You are at least shifting some innings to those top 3 starters which might work. Probably more innings than you think though (more than I thought). Your model would put them at about 900 batters faced in a season. Maybe you'd have enough of those bullpen days that you'd get it down as far as 720 (40 appearances each on average). In 2019, only one pitcher topped 900 BF -- Bauer. Only 21 faced 800+ batters, only 60 faced 700+. It's far from clear that increasing their workload while giving them fewer days off won't break them more often. In theory, if you keep their workloads the same then you haven't lost anything -- you're still spreading those other batters across 10 pitching rostter spots.
A day between the start and their throw day. 3 days off between starts, 85-90 pitch starts.
It's about getting more out of your top 4 starters. Do you want 33 starts of ~6 innings from your top starter where they're pitching the 3rd time through the order 33 times or do you want 40 starts of ~5 innings where they never face the order a 3rd time? Then you have 9 (or more depending on the AAA shuttle) relievers available to finish the game.
Now that is a very very limited check, but probably as recent a team to do a 4 man all year (some experimented for a month or two but not a full season).
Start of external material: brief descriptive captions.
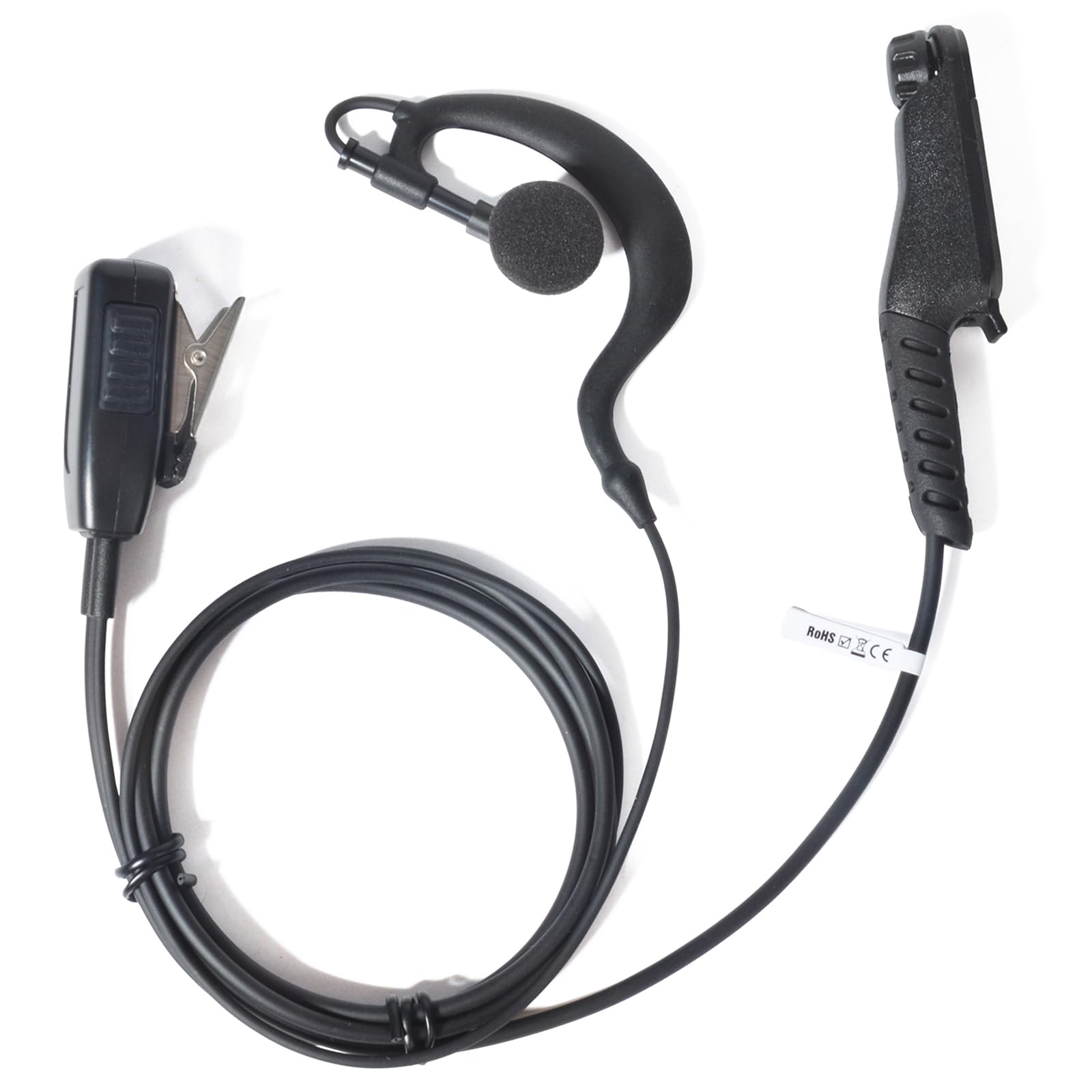 Pinganillo para Motorola Ion R7 con micro PTT que elimina dolor de oreja 8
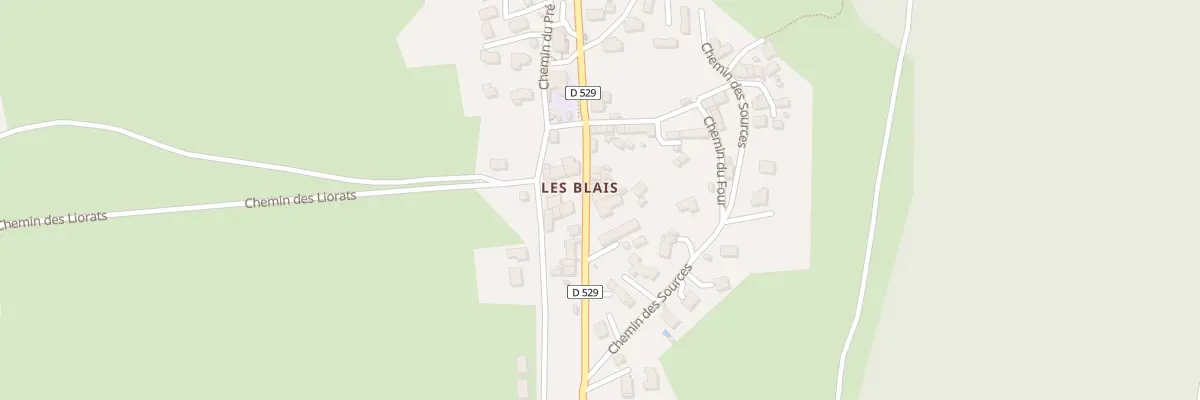 Plan du 283 Rue des Blais à Monteynard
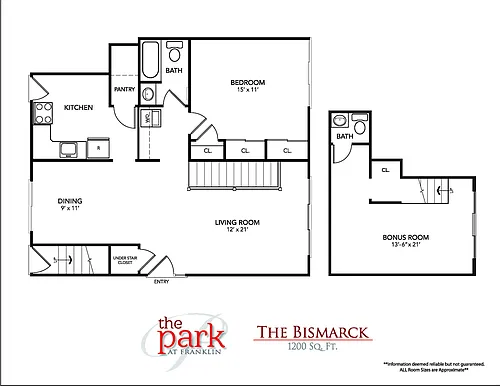 Floor plan The Bismarck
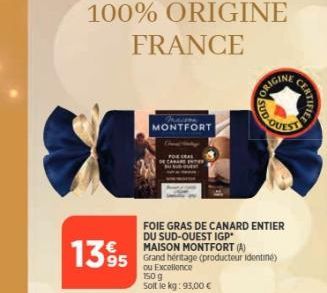 foie gras de canard Canard-Duchene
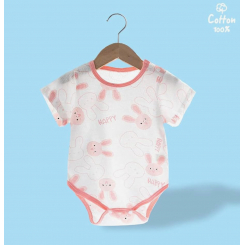 Универсальный детский боди-комбинезон с забавным принтом — комфорт на каждый день (0-3 мес.)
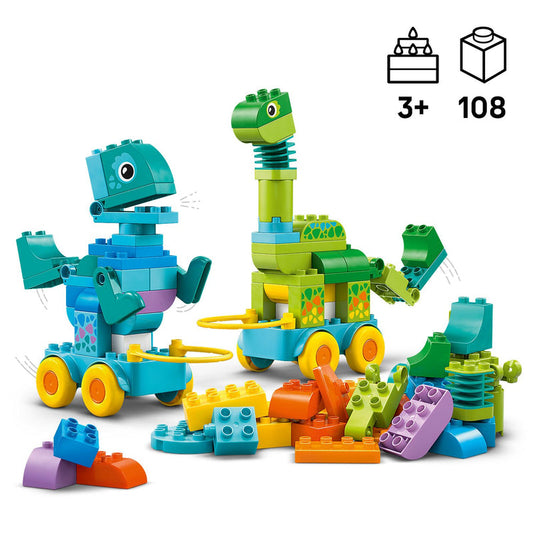 LEGO 3-in-1 dinosaurussen op wielen 10451 DUPLO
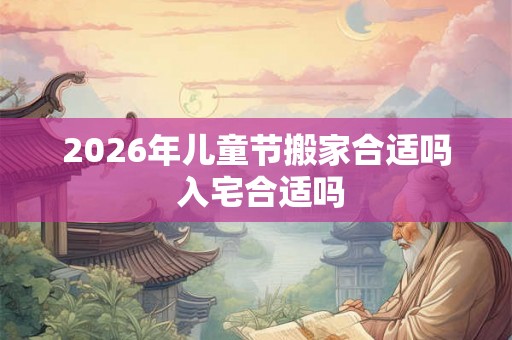 2026年儿童节搬家合适吗 入宅合适吗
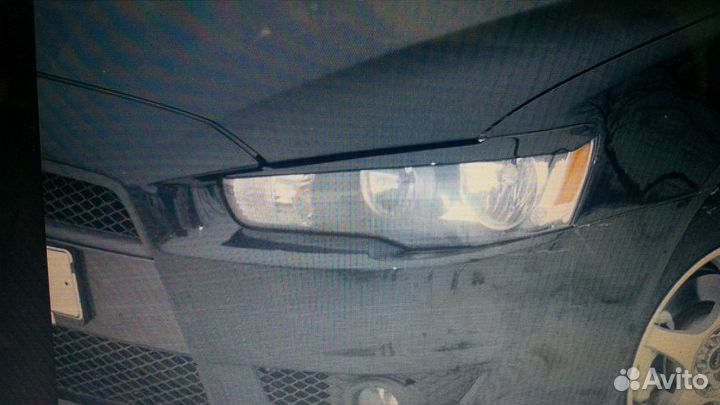 Реснички на фары фонари Лансер 10 X bmw e39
After 38 years I think someone should give it a shot again.
never pitched in the minors, White Sox 1923-42 and 1946.
a life well lived
1073 K in 4161 IP, lowest rate of any HOFer since 1920 - and he ain't giving this one up anytime soon.
averaged 274 IP from 1925-30, going 112-90, an average of 19-15 for generally bad teams.
arm blows out, knuckeball/slops his way to 16 K in 101 IP in 1931 with a 106 ERA+.
then averaged 221 IP for three decent years, but never pitched 200 IP again as manager Charlie Dykes lightened his workload. started only 20 to 24 games from 1935-42, mostly on Sundays - hence the "Sunday Teddy" nickname.
In 1942, a 42-year-old Lyons went 14-6 - completing all 20 of his starts - and led the AL with a 2.10 ERA and with a 171 ERA+.
then - single and without dependents - he joined the Marine Corps and remained out of MLB for 3 years, serving mostly as a fitness instructor but also playing in some overseas All-Star games with the likes of DiMaggio and Ted Williams.
Lyons returned in 1946, completing all 5 of his starts at a 2.32 ERA at age 46 (but a 1-4 record). then, upon being named manager, he retired as a player - completing his final 28 starts.
who is a current candidate to be "Sunday Teddy?"
Hamels? Kluber? Strasburg? (kidding on the last one. probably.)